De waarden bij de verschillende meetpunten ontlopen elkaar amper. De pieken en dalen doen zich ook gelijk voor bij de meetpunten in en buiten het gebied. De waarden bij meetpunt 0214 (Alde Feanen - Izakswiid) blijven overwegend op het laagste niveau van de andere meetpunten. Deze plas is vrijwel geïsoleerd van het boezemwater, mogelijk dat daardoor het gehalte stikstof geen uitschieters kent. Conclusie

De meetresultaten van de vier stoffen op de zeven verschillende locaties, in het onderzoeksgebied en daarbuiten, verschillen, op een enkele incidentele uitschieter, tamelijk weinig van elkaar. Voor deze stoffen kan gesteld worden dat het gebied geen specifiek filterende of reinigende werking heeft op het water. Daarmee wordt ook geconcludeerd dat, in ieder geval voor deze stoffen, het gebied geen ecosysteemdienst voor wat betreft reiniging levert.

Samenvatting van de groep

Tabel 5.2: Samenvatting van de geleverde diensten, omvang en waardering.

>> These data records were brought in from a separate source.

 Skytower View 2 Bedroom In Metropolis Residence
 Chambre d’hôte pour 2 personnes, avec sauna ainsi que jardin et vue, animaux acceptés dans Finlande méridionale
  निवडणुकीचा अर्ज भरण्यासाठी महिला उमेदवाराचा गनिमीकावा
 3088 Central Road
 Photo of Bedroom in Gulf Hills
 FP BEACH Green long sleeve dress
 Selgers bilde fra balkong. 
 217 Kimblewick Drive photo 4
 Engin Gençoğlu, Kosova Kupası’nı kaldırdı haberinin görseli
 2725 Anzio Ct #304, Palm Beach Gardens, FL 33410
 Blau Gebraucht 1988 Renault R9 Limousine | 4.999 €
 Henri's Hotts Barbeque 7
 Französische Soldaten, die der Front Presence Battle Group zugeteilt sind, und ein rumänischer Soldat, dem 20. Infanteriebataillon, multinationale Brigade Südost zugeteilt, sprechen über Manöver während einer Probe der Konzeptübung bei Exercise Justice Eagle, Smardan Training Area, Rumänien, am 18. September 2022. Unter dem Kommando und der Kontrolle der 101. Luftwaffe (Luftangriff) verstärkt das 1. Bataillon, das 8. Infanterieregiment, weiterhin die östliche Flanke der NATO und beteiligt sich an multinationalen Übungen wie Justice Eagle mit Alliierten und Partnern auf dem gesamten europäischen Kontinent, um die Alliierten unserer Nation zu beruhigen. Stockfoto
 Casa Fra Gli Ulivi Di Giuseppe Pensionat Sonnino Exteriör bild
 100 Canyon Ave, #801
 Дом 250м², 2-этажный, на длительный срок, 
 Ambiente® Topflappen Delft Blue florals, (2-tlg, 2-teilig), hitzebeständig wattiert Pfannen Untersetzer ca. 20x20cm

Ecosysteemdienst Levering Omvang Waardering

(monetair)

Bioremediatie door micro-organismen, planten

en dieren Ja Niet te definiëren € 700.000

Filtratie / vastlegging / opslag / accumulatie door

micro-organismen, algen, planten en dieren Nee Nvt Nvt

Betrouwbaarheid en volledigheid

Om tot een uitspraak te komen over het zich voordoen van bioremediatie in het gebied, is voor een eerste inventarisatie gebruik gemaakt van gebiedskennis. Daarna zijn voor de twee relevante locaties gegevens gebruikt uit onderzoeksrapporten. Omdat deze op basis van een groot aantal metingen zijn opgesteld, is de betrouwbaarheid hoog. Hetzelfde gaat op voor de metingen die verricht worden door Wetterskip Fryslân met betrekking tot de waterkwaliteit. De betrouwbaarheid van de gebruikte cijfers valt in categorie B (hoog). Beide diensten in deze categorie zijn onderzocht. Alle aspecten van deze groep worden bestreken door het onderzoek: volledig (categorie A).